START Input records

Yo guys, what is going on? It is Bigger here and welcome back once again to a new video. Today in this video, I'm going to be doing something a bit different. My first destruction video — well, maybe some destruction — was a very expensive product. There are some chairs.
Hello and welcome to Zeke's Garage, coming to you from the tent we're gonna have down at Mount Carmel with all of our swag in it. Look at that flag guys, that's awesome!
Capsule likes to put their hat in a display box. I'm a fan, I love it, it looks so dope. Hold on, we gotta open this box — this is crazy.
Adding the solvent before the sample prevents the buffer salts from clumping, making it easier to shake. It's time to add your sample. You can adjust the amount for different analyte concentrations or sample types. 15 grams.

END Input records
START Input records

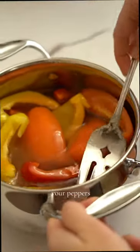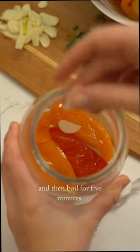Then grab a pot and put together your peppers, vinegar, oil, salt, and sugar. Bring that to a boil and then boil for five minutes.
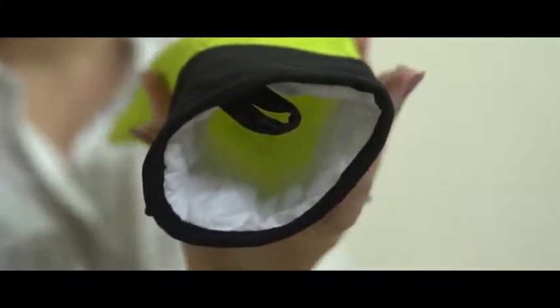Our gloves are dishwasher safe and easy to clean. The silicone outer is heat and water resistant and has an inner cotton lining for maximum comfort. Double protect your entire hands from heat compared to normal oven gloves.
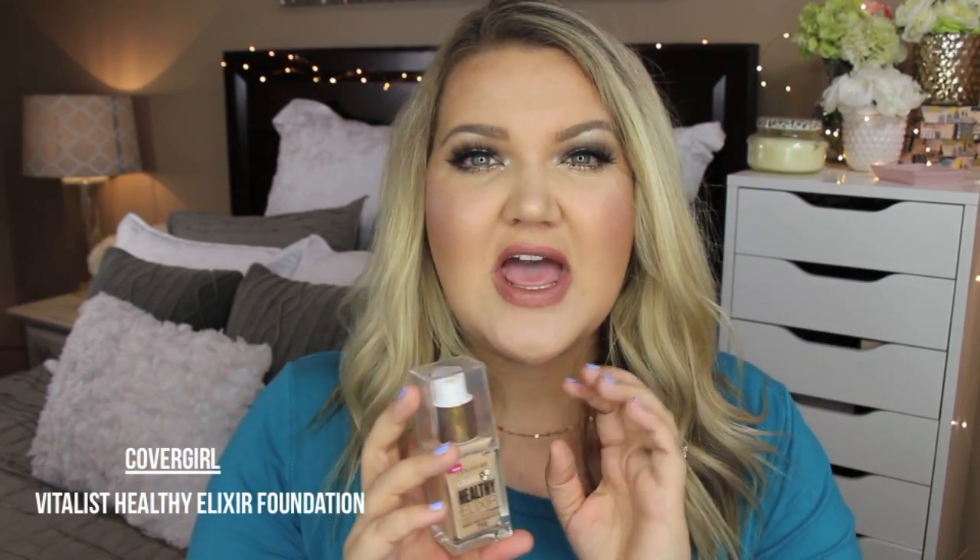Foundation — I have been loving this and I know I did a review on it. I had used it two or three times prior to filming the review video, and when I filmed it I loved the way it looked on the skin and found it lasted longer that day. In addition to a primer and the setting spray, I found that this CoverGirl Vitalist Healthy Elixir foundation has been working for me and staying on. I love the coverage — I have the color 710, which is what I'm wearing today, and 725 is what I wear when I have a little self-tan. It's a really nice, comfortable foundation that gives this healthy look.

END Input records
START Input records

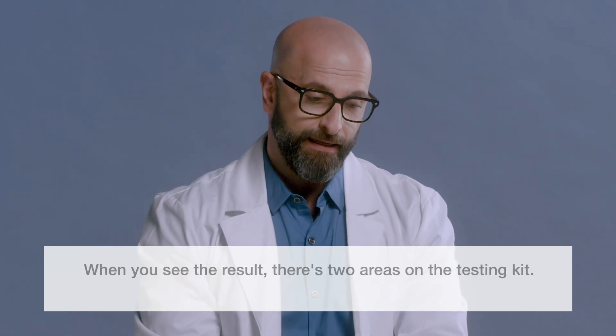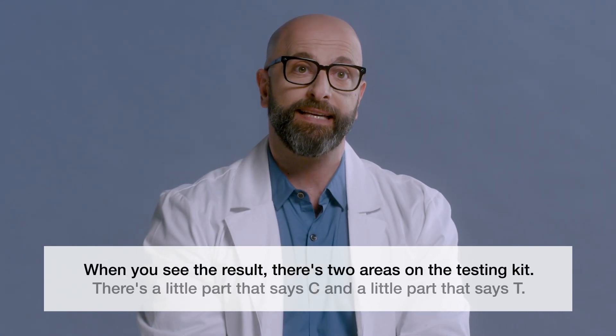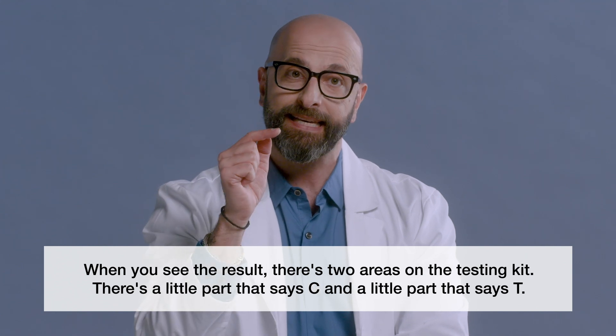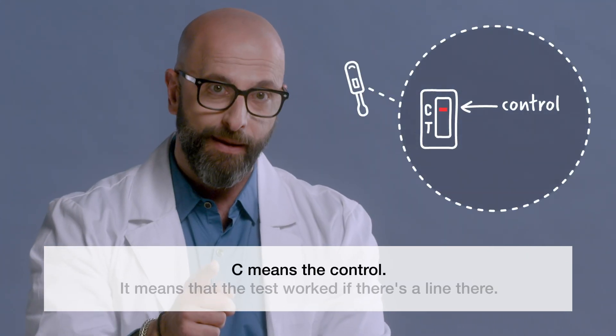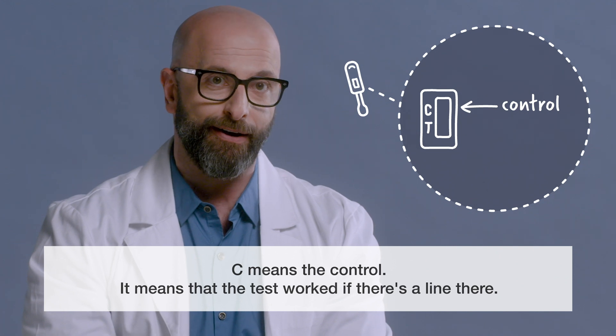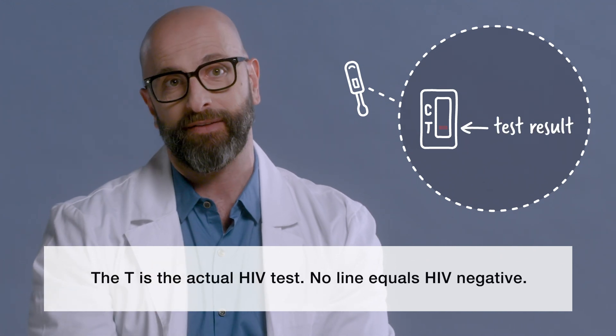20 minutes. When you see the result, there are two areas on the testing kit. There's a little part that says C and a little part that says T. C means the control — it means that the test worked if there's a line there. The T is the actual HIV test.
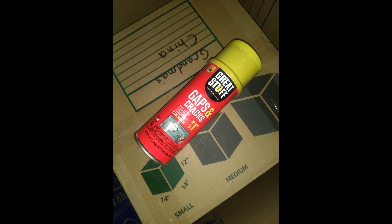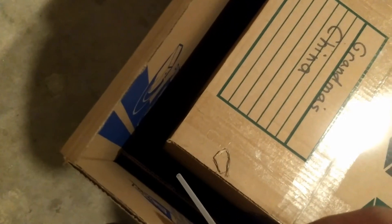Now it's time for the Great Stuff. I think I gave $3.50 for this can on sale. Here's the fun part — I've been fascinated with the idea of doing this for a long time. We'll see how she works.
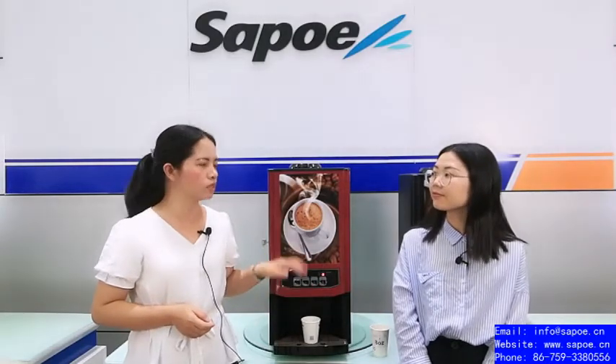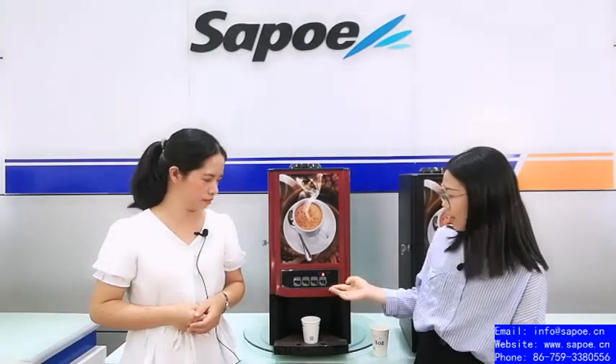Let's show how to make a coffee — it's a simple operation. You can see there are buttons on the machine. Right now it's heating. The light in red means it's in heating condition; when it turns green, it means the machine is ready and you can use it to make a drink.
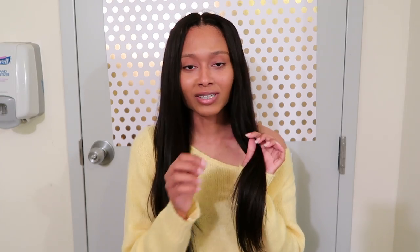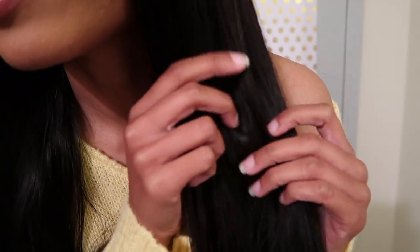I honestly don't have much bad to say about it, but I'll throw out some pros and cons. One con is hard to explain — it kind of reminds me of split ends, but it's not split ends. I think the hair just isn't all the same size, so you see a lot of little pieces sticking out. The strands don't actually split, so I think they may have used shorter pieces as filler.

END Input records

→ Problem requirements
Wherever the string "different" appears in a line of the records, copy that line.

→ Solved problem
Yo guys, what is going on? It is Bigger here and welcome back once again to a new video. Today in this video, I'm going to be doing something a bit different. My first destruction video — well, maybe some destruction — was a very expensive product. There are some chairs.
Adding the solvent before the sample prevents the buffer salts from clumping, making it easier to shake. It's time to add your sample. You can adjust the amount for different analyte concentrations or sample types. 15 grams.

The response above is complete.